(The data begins)
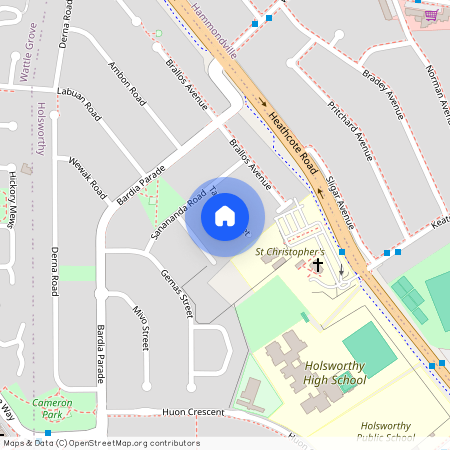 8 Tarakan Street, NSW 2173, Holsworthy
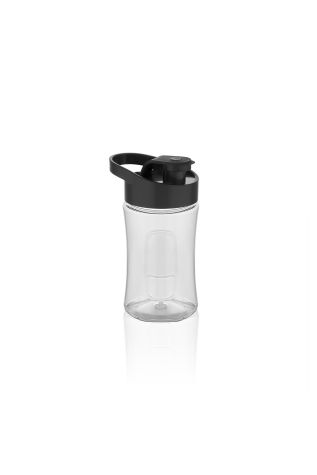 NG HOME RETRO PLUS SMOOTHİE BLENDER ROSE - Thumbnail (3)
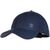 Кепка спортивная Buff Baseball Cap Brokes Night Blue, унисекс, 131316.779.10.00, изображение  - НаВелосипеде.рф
(The data ends)
(The data begins)
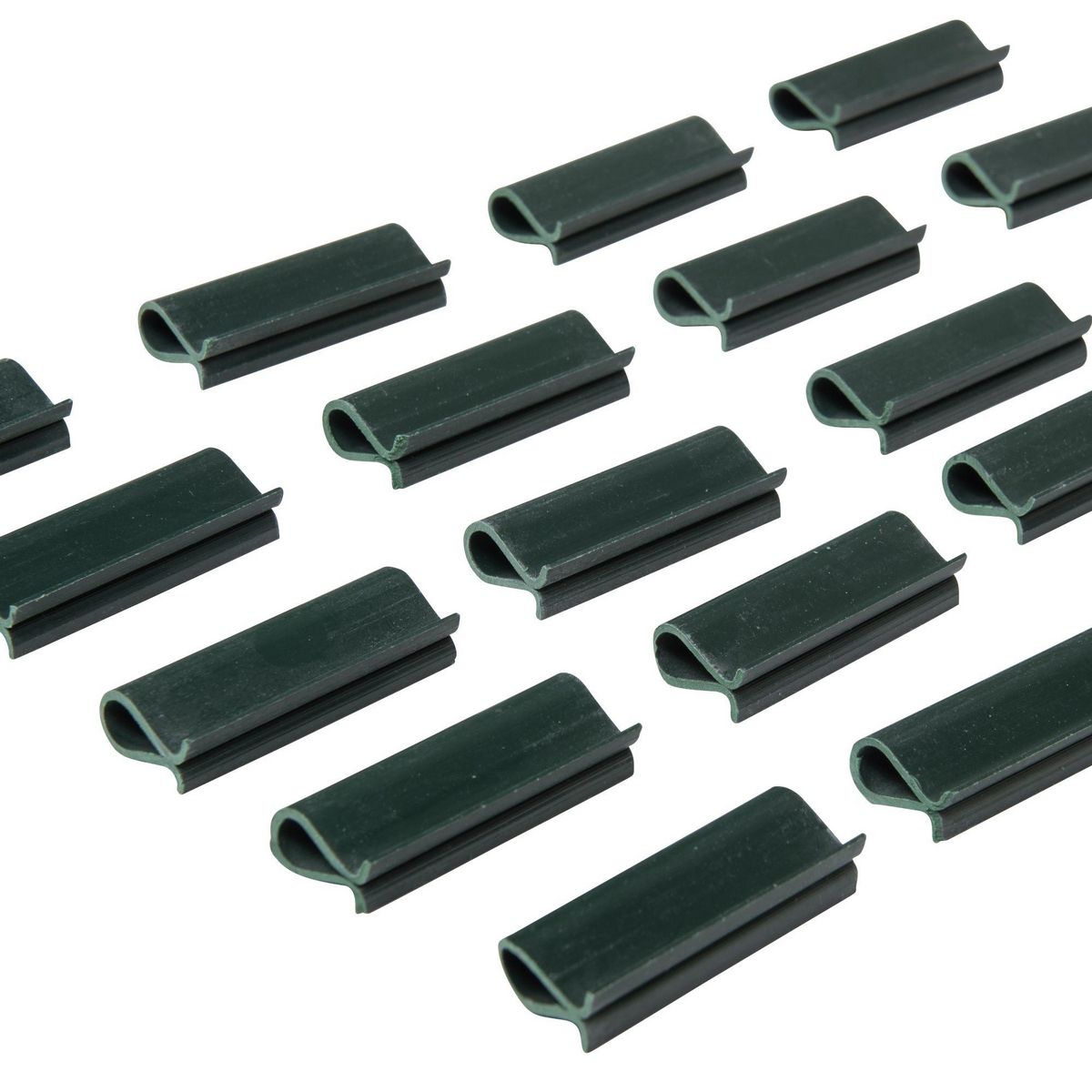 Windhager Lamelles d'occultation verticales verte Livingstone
(The data ends)
(The data begins)
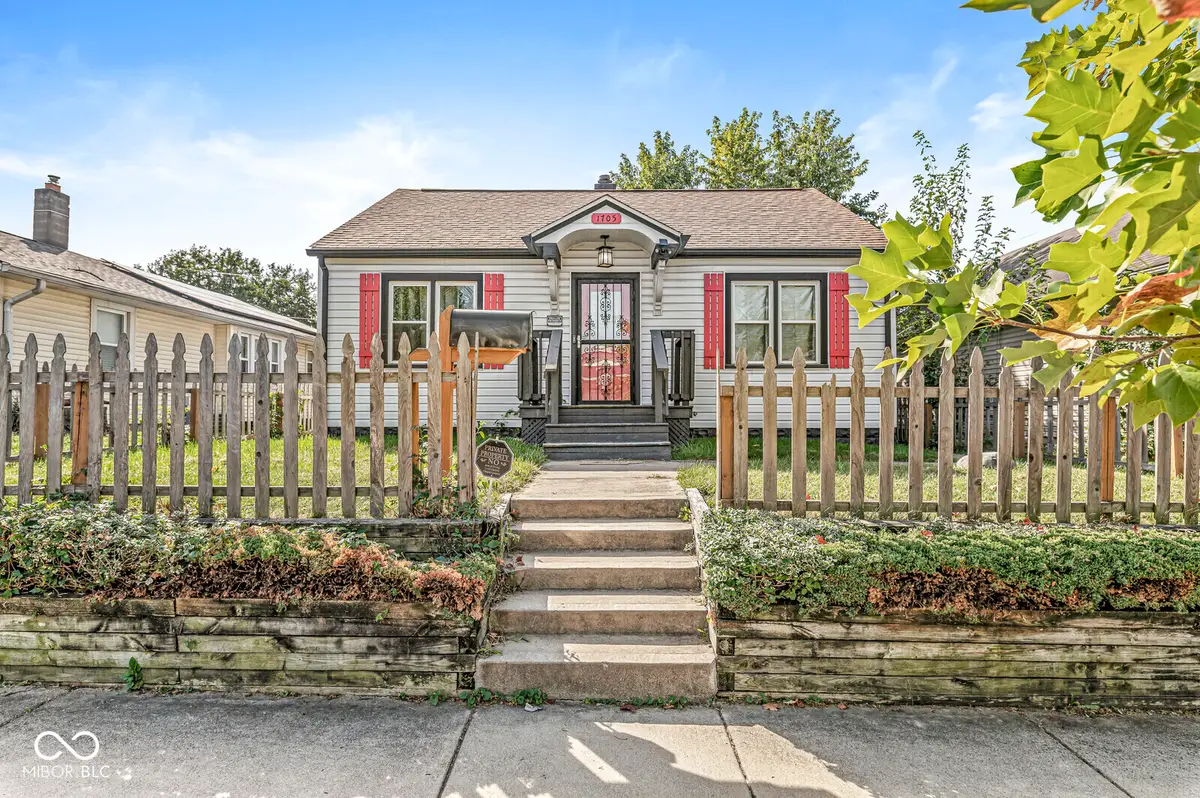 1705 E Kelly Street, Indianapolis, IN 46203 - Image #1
(The data ends)
= Exercise brief =
Nothing but the lines above from the one that has "8 Tarakan Street, NSW 2173, Holsworthy" down to the one that has "Кепка спортивная Buff" belongs in the answer, copied exactly, without pictures.

= Solution to this exercise =
 8 Tarakan Street, NSW 2173, Holsworthy
 NG HOME RETRO PLUS SMOOTHİE BLENDER ROSE - Thumbnail (3)
 Кепка спортивная Buff Baseball Cap Brokes Night Blue, унисекс, 131316.779.10.00, изображение  - НаВелосипеде.рф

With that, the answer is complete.